═══ Exercise data ═══

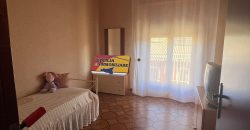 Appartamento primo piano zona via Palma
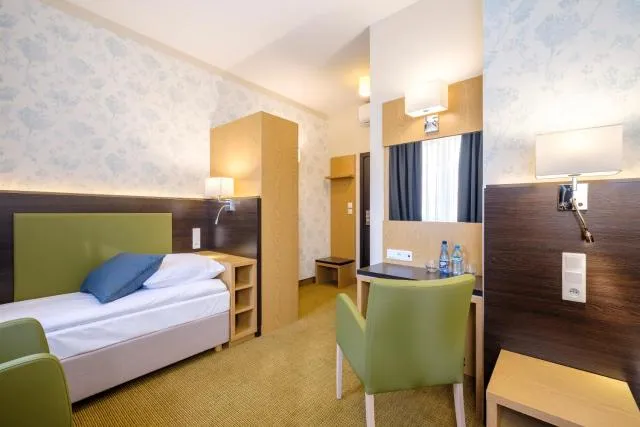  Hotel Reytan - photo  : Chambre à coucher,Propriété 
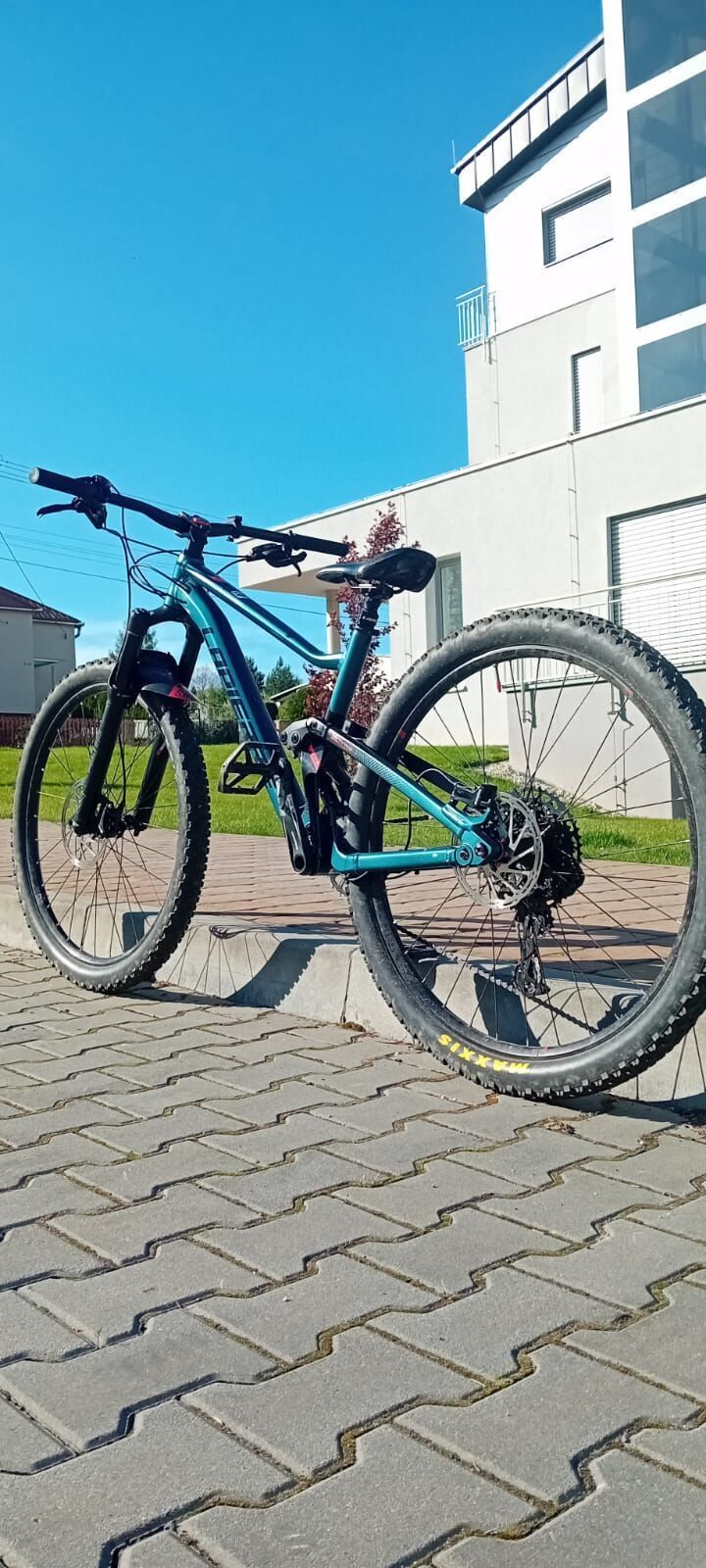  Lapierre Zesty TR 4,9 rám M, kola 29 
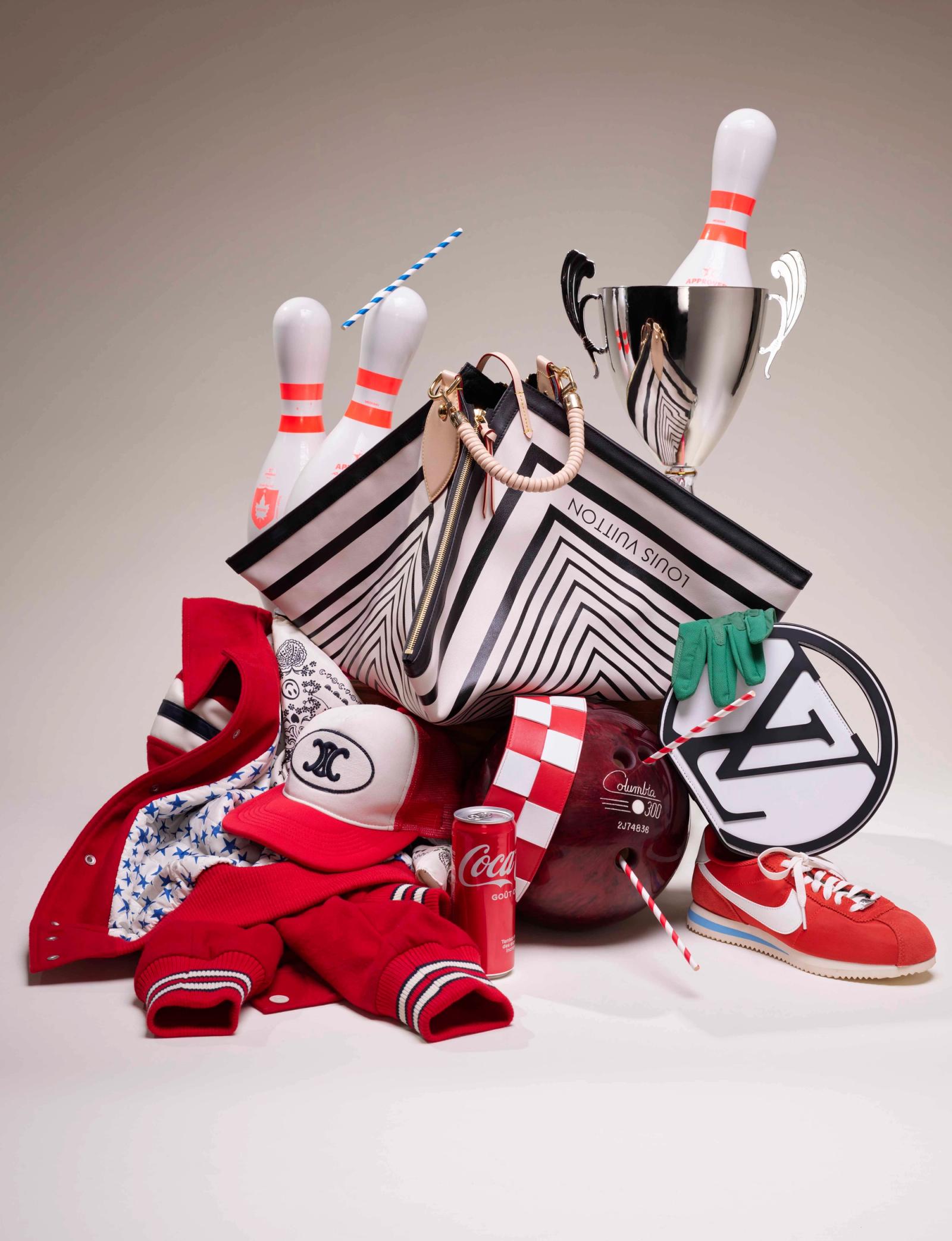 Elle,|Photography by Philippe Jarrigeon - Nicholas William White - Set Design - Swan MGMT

═══

**Assignment:** Go through the lines above and write each one out verbatim, skipping the pictures.

**Solution to the problem:**
 Appartamento primo piano zona via Palma
  Hotel Reytan - photo  : Chambre à coucher,Propriété 
  Lapierre Zesty TR 4,9 rám M, kola 29 
 Elle,|Photography by Philippe Jarrigeon - Nicholas William White - Set Design - Swan MGMT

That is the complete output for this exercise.